Lately I’ve been thinking a lot about having another baby — it was only recently that I was even open to the idea. I simply felt my heart and energy was only big enough for Piper and the idea of sharing that bond with anyone else felt scary and sad. The thought of taking away from what we have with Piper was such a heavy feeling I wouldn’t let it enter my mind. I look at other women with kid’s Piper’s age who are currently pregnant or already had another baby and wonder what the heck is wrong with me! I couldn’t bare the thought of nursing a newborn when all I want to do is cuddle with my ever-changing toddler.
I’m scared I’ll feel heartbroken about the loss of this special time when I should be elated about being pregnant and having another baby.

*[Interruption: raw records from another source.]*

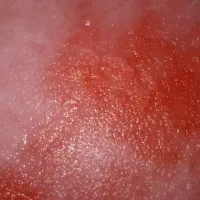 رب گوجه فرنگی خانگی کاملا ارکانیک وبهداشتی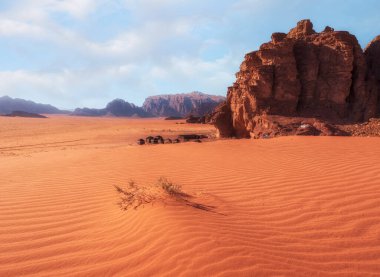 Ürdün 'deki ünlü kırmızı çöl Wadi Rum' unda arka planda bir diken bulunan kum tepeciği.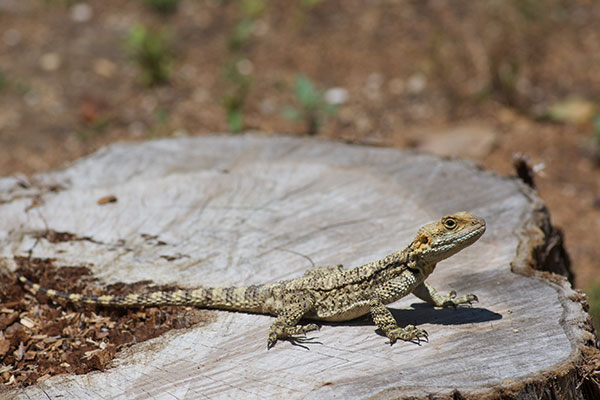 Starred Agama (Stellagama stellio stellio)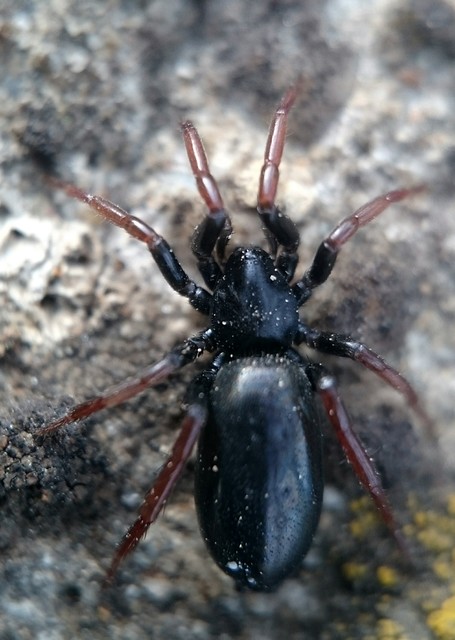 Trachyzelotes pedestris - vöröslábú gyászpók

At quick glance it feels like most parents are obsessed with their first born. Becoming a parent is a life changing experience, and your every moment is now focused on your tiny baby who eventually becomes a wild 19 month old who demands all of your attention and love. Every minute of the day. I wonder, will it feel like this with a second baby? Will Piper’s milestones be less exciting? And vice versa, will we be as elated when our newborn rolls over, smiles or will that be old news?
But recently something changed. I turned a corner just a few months ago where the idea of having another baby has started to excite me — it’s as though something just clicked and I almost feel ready.
Are these feelings normal? I have to think they are.
I still get a wave of sadness when I think that Piper won’t be the light of our family. This space will be shared. I wish I could hold onto this time forever, where our whole life revolves only around her and nothing but her. I also know that I very much want and hope for her to grow up with a sibling(s) close in age and know that a new kind of joy will be in our house with another baby.